The Production of Biogenic Silica from Different South African Agricultural Residues through a Thermo-Chemical Treatment Method

Author

Listed:
  • Ncamisile Nondumiso Maseko

    (Discipline of Chemical Engineering, University of KwaZulu-Natal, 238 Mazisi Kunene Road, Glenwood, Durban 4041, South Africa)

  • Denise Schneider

    (3P Instruments GmbH & Co. KG, Rudolf-Diesel-Str. 12, 85235 Odelzhausen, Germany)

  • Susan Wassersleben

    (Institute of Chemical Technology, Universität Leipzig, Linnéstr. 3, 04103 Leipzig, Germany)

  • Dirk Enke

    (Discipline of Chemical Engineering, University of KwaZulu-Natal, 238 Mazisi Kunene Road, Glenwood, Durban 4041, South Africa
    Institute of Chemical Technology, Universität Leipzig, Linnéstr. 3, 04103 Leipzig, Germany)

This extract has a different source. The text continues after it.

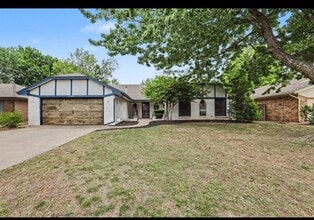 Building Photo - 2112 Bentham Pl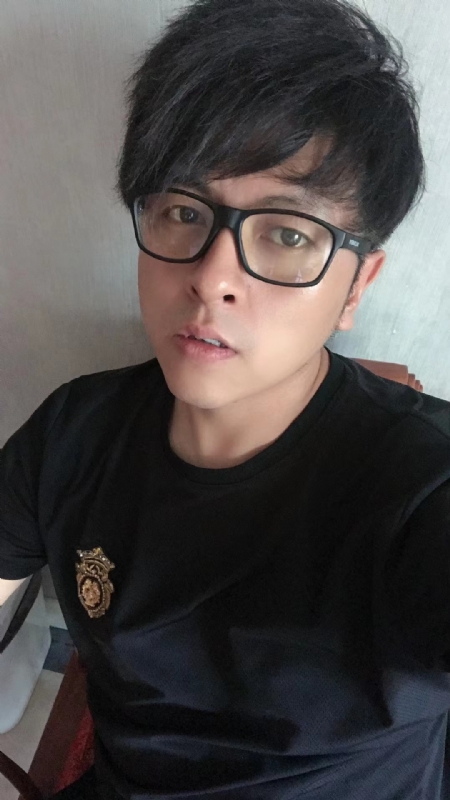 爱你永远不容易的第一张照片--淄博相亲服务中心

  • Samuel Ayodele Iwarere

    (Department of Chemical Engineering, University of Pretoria, Lynnwood Road, Hatfield, Pretoria 0028, South Africa)

  • Jonathan Pocock

    (Discipline of Chemical Engineering, University of KwaZulu-Natal, 238 Mazisi Kunene Road, Glenwood, Durban 4041, South Africa)

  • Annegret Stark

    (Discipline of Chemical Engineering, University of KwaZulu-Natal, 238 Mazisi Kunene Road, Glenwood, Durban 4041, South Africa
    SMRI/NRF SARChI Research Chair in Sugarcane Biorefining, Durban 4001, South Africa)

Abstract

A thermo-chemical treatment method was used to produce biogenic amorphous silica from South African sugarcane and maize residues. Different fractions of South African sugarcane (leaves, pith, and fiber) were processed for silica production. The biomass samples were leached with either 7 wt% citric acid or 7 wt% sulfuric acid at 353 K for 2 h prior to being rinsed, dried and combusted using a four-step program ranging from room temperature to 873 K in a furnace. The characterization of the pre-treated biomass samples was conducted using thermogravimetric analysis (TG/DTA), X-ray fluorescence analysis (XRF) and elemental analysis (CHN), while the final products were characterized by XRF, X-ray diffraction (XRD), elemental analysis, nitrogen physisorption and scanning electron microscopy (SEM). Citric acid pre-treatment proved to be an attractive alternative to mineral acids. Amorphous biogenic silica was produced from sugarcane leaves in good quality (0.1 wt% residual carbon and up to 99.3 wt% silica content). The produced biogenic silica also had great textural properties such as a surface area of up to 323 m 2 g −1 , average pore diameter of 5.0 nm, and a pore volume of 0.41 cm 3 g −1 .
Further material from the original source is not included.